* **Material for this task**

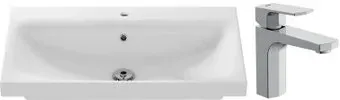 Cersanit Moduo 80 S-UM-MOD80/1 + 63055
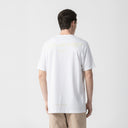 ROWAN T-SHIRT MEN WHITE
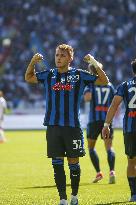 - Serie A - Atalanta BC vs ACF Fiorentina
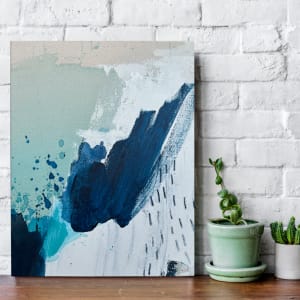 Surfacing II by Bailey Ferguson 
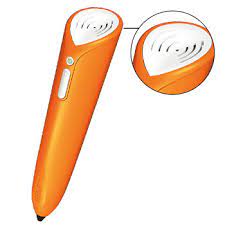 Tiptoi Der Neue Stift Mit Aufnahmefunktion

---

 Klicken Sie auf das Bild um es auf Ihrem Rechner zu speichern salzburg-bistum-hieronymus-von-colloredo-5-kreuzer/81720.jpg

* **Exercise aim**
Output only the lines above from the line that holds "- Serie A - Atalanta BC vs ACF Fiorentina" through the line that holds "Tiptoi Der Neue Stift Mit Aufnahmefunktion", both ends included, and exclude pictures.

* **Problem solution**
 - Serie A - Atalanta BC vs ACF Fiorentina
 Surfacing II by Bailey Ferguson 
 Tiptoi Der Neue Stift Mit Aufnahmefunktion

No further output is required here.